Measuring of Cells by Detaching from Surface

Supernatant of cells cultivated in 4-well culture dishes was discarded first and cells covered with 200 μl Trypsin. After 5 minutes of incubation at 37° C. and 5% CO2 cells were rinsed with PBS and put into a 15 ml Falcon Tube. Next, the cells have been centrifuged at 800 g for 10 minutes. Supernatant was discarded and 300 μl of the Reagent (diluted in either PBS or Assay Buffer) were added. Cells were then mixed briefly and transferred to a cuvette of appropriate size. Optical density (OD) could then be measured as a time drive on a Spectrometer. For each measurement a cuvette filled with 300 μl of distilled sterile H2O as well as one cuvette with Calibrator were measured also. If needed, depending on experimental conditions, a blank value was measured as well. Finally, AChE activity in unit per litre [U/L] could be calculated as described in product description: AChE Activity=(OD10−OD2)/(ODCAL−ODH2O)*200. Because this formula was made for AChE activity measurement of blood and other soluble samples, it was not used for our experimentation. However, AChE activity was determined by the change in absorption of light at the wavelength of 412 nm.

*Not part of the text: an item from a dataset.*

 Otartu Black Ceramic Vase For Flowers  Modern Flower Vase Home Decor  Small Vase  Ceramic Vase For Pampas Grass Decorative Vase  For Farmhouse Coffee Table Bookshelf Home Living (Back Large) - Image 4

Measuring of Cells without Detaching from Surface

After discarding of supernatant, 300 μl of preliminary prepared Reagent-Buffer mix was added to the cells (cultivated in 4-well or 24-well culture dishes). The cells then have been incubated for a time (dependent on the time relevant for experiment) at 37° C. and 5% CO2. Afterwards supernatant was transferred into a cuvette and OD measured on a Spectrometer. OD at 412 nm therefore stands in direct correlation to the amount of active AChE in the cells. For measuring of AChE activity with a Plate Reader (Anthos 2010), cells were seeded in myoblast growth media on flat bottom 96-well culture dishes and incubated at 37° C., 5% CO2. Growth media was replaced the next day by skeletal muscle cell differentiation media. Further incubation as described above. After several days of differentiation, differentiation media was replaced and cells washed with PBS once. AChE assay reagent has been prepared as described before and 100 μl put on each well. OD412 nm then has been measured for 60 minutes on an Anthos Plate Reader through a kinetic measurement.

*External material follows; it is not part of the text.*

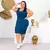 VESTIDO PLUS SIZE CANELADO REGATA AZUL PETRÓLEO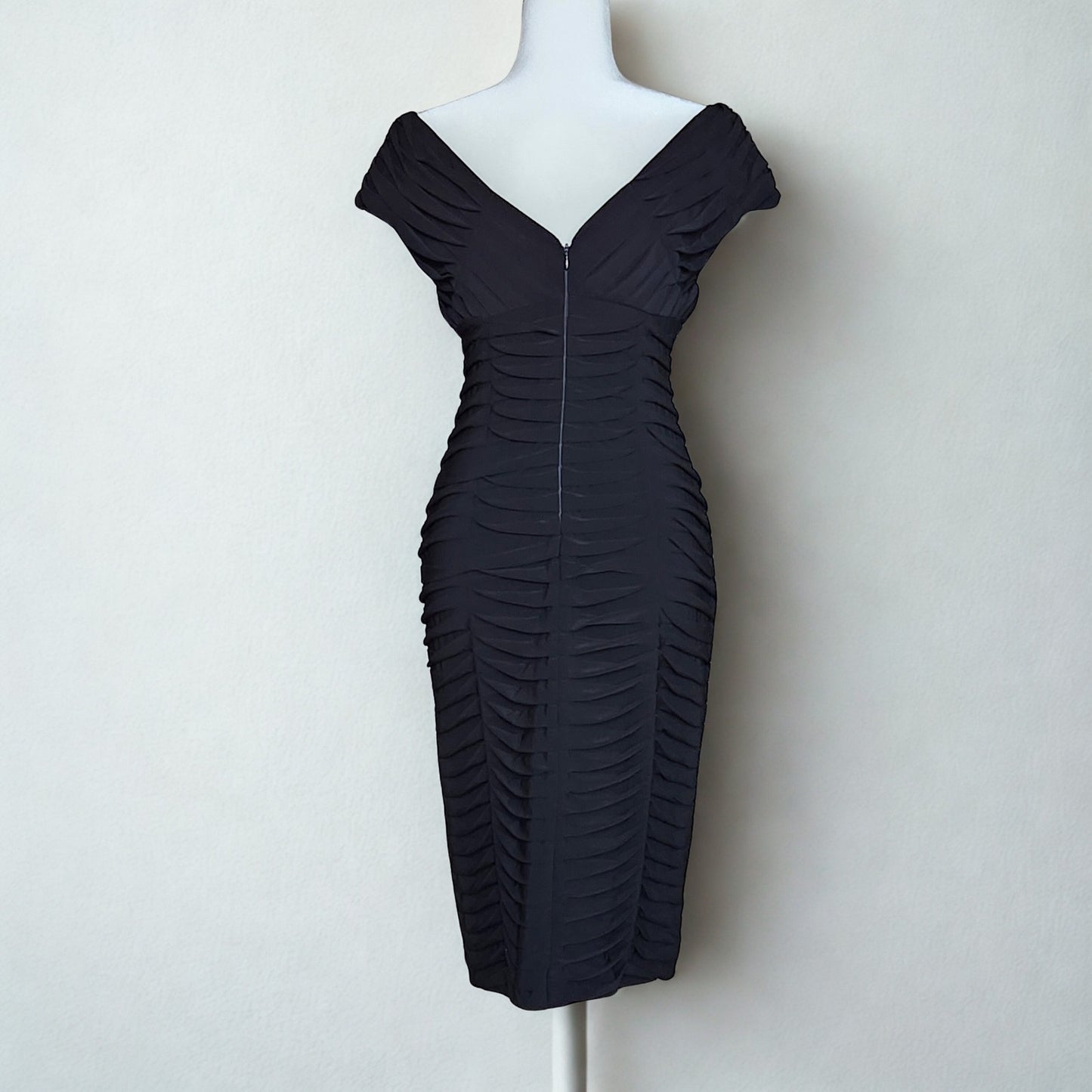 🖤 Adrianna Papell Black Ruched Vintage Style Cocktail Dress Women’s Size 8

For enzymatic digestion, myoblasts were differentiated on four well plates (as described in Example 5) and treated with either collagenase digestion solution or trypsin digestion solution. Therefore, supernatant of cultured cells was discarded and 300 μl of chosen enzyme-solution added. Collagenase and Trypsin digestion solutions had to be prepared preliminarily and contain ingredients as following:

Collagenase Digestion Solution:

    • 98.43% (v/v) Ringerlactat (1, 8 mM)
    • 0.13% (v/v) CaC12 (150 mM)
    • 1.4% (v/v) Collagenase I

Trypsin Digestion Solution:

    • 10× Trypsin solution diluted in PBS 1:10 to a resulting 1× Trypsin solution

Cells then have been incubated at 37° C. and 5% CO2 for two hours. Due to the digest, cells lost connection to surface, could be resuspended and put into a centrifugation tube. Next, cells have been centrifuged at 800 g for 10 min. Acetylcholinesterase activity was then measured either of the supernatant or the pellet. Therefore, 300 μl of supernatant was taken and 3 mg of AChE activity reagent added. For measurement of Pellet, 3 mg AChE activity reagent was solubilised in 300 μl buffer (either Assay Buffer or PBS). OD412 nm could then be measured as described above.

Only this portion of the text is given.